UN faces calls to fire official who claimed Israel cannot defend itself against Palestinian terrorists

A United Nations official is facing calls to resign after claiming Israel has no right to defend itself against Palestinian terrorists. Some of those who reckon she should be dismissed have suggested that her continued presence at the U.N. would signal the international body's approval of her alleged anti-Semitism.
Francesca Albanese, the U.N.'s special rapporteur to eastern Jerusalem, Gaza, and the West Bank, tweeted on April 8, "Israel has a right to defend itself, but can't claim it when it comes to the people it oppresses/whose land it colonizes."
Albanese made this remark in response to a statement from the European Union condemning recent Palestinian terrorism.
EU high representative Josep Borrell wrote on April 8, "Last night again, deadly terrorist attacks have occurred in Tel Aviv, one of them killing an Italian tourist. The EU expresses its total condemnation of these acts of violence. This must cease."
"We also condemn the indiscriminate rocket attacks on Israel from Gaza and the territory of Lebanon. We condemn unreservedly the terrorist attack which killed two Israelis and left one seriously injured," continued Borrell. "Israel has the right to defend itself."
According to ABC News, a Damascus-based Palestinian claimed responsibility for launching at least three missiles into Israel from Syrian territory.
The Italian tourist killed in the other attack, Alessandro Parini, was a lawyer reportedly targeted along with several others by a 45-year-old resident of Kfar Kasem, an Arab-Israeli city east of Tel Aviv.
Amichai Chikli, the Israeli minister of diaspora affairs and combating anti-Semitism, denounced the U.N. official's suggestion, noting that "this is not an isolated instance of Ms. Albanese's relentless, systematic and irrational bias against Israel and display of antisemitism. As a representative who should be applying international law equally for all, irrespective of their faith, background or geographic locality, this is deeply concerning."
Chikli highlighted Albanese's November 2022 speech at a Hamas-sponsored conference during which she told the radicals in attendance to "resist"; her support of the boycott, divestment, and sanctions campaign against Israel; her conspiracy theories about Jewish domination; and her comparisons of Israelis to Nazis.
The Israeli minister stressed that the U.N. was "failing to uphold its own commitment to protecting fundamental human rights for all and applying equal treatment of all its member states by allowing Ms. Albanese to continue to spew hatred, antisemitism and incite violence," and called for her dismissal.
Special rapporteurs are required to demonstrate "impartiality, integrity and objectivity."
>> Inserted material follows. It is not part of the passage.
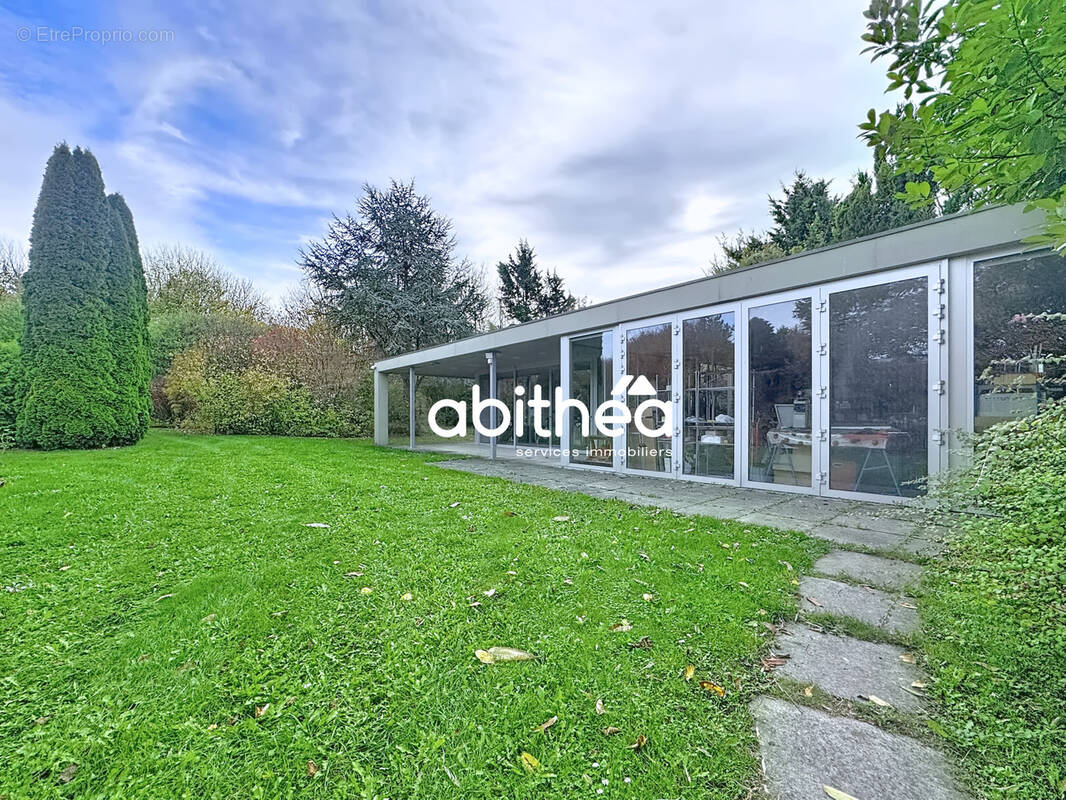 Maison à LATTRE-SAINT-QUENTIN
The Times of Israel reported that in February, a bipartisan group of U.S. House representatives urged that Albanese get the boot for her refusal to condemn terrorism.

In a Feb. 24 letter, 18 representatives noted that "when challenged about her continued silence regarding [January's] Palestinian terrorist attack outside a Jerusalem synagogue that murdered seven, Albanese repeated her assertion that Israel is a colonial, apartheid regime."
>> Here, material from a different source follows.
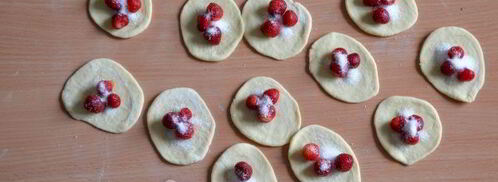 вареники с клубникой на кефире. Шаг 9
They underscored that Albanese's routine refusal to condemn terrorism and her nasty comments "provide further proof of the deep-seated prejudice inherent to the United Nations' approach to the Israeli-Palestinian conflict."

Nearly 70% of all condemnatory resolutions in the U.N. General Assembly have targeted Israel since 2015, reported the Jerusalem Post.

Jay Sekulow and Robert Ash of the European Center for Law and Justice, a nonprofit human rights group, wrote to U.N. Secretary General António Guterres on April 19, arguing that Albanese was not only wrongheaded but factually incorrect.

Sekulow and Ash suggested that the special rapporteur failed "to consider two facts: (1) that 'occupation' presumes the existence of another sovereign whose territory is occupied and (2) that Israel has repeatedly stated that its application of the rules set forth in the Fourth [Geneva] Convention was for convenience and not because it was obligated to do so because of the lack of a foreign sovereign to whom such territory belongs."

"No Palestinian Arab political entity has ever possessed a single square centimetre of the territory it now claims to be 'occupied,' and the last foreign sovereign, Turkey (the successor state to the Ottomans), renounced its sovereignty in the 1920s," added Sekulow and Ash. "Regardless of the views one holds regarding the two foregoing facts, Israel's right to self-defence is inherent and undeniable."

Like Chikli and the American representatives, the ECLJ reasoned that "because Ms Albanese has openly sided with the Palestinians and concluded that the sovereign State of Israel may not defend itself and its people against Palestinian terrorist attacks, she has encouraged further violence and forfeited any claim to impartiality on her part. Her anti-Israel bias is on full display. Accordingly, she must be replaced forthwith."

The International Legal Forum comprising 4,000 lawyers similarly wrote to the U.N. last month demanding Albanese's termination, accusing her of exhibiting a "relentless, systematic and unhinged bias against Israel."

Albanese, an affiliate scholar at the Institute for the Study of International Migration at Georgetown University, was appointed to the position of special rapporteur in March 2022. She told the Middle East Eye, "This is neither the first nor the last time my mandate and persona will come under attack. ... An apartheid regime, as the international legal framework acknowledges, may resort to the persecution of persons and organisations opposing it."